ATCM XXXII and CEP XII 2009, Baltimore, United States
IP009: SCAR’s Annual Report
The Scientific Committee on Antarctic Research (SCAR) is the foremost, non-governmental organisation for initiating, developing, and coordinating high quality international scientific research in the Antarctic region including the study of Antarctica’s role in the Earth System.

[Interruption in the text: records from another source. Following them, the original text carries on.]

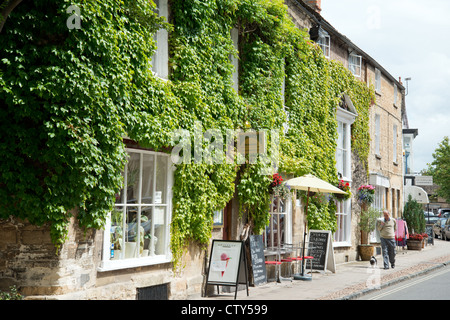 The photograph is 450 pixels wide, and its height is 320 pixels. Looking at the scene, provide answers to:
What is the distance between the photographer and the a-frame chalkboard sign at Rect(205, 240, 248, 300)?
9352 millimetres

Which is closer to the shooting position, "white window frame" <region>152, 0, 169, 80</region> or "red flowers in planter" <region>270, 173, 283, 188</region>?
"white window frame" <region>152, 0, 169, 80</region>

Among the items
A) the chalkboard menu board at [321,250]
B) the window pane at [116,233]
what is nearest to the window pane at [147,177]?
the window pane at [116,233]

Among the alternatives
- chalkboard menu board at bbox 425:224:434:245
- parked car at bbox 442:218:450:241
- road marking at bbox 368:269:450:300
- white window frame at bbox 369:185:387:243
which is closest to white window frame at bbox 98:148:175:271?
road marking at bbox 368:269:450:300

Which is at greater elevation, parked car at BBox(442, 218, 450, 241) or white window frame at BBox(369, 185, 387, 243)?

During 2008, SCAR’s research continued focusing on five themes: (i) the modern ocean-atmosphere-ice system; (ii) the evolution of climate over the past 34 million years since glaciation began; (iii) the response of life to change; (iv) preparations to study subglacial lakes and their environs; and (v) the response of the Earth’s outer atmosphere to the changing impact of the solar wind at both poles. Highlights of recent scientific discoveries include:
- Decadal warming and freshening of intermediate-depth water masses across large regions of the Southern Ocean since the 1960s has likely been driven by decadal-scale changes in the major modes of Southern Hemisphere climate variability (such as the Southern Annular Mode, El Niño - Southern Oscillation and the Inter-decadal Pacific Oscillation). The same water masses show reduced oxygen content, suggesting a decline in the rate of ventilation of the Southern Ocean’s intermediate layers in that period.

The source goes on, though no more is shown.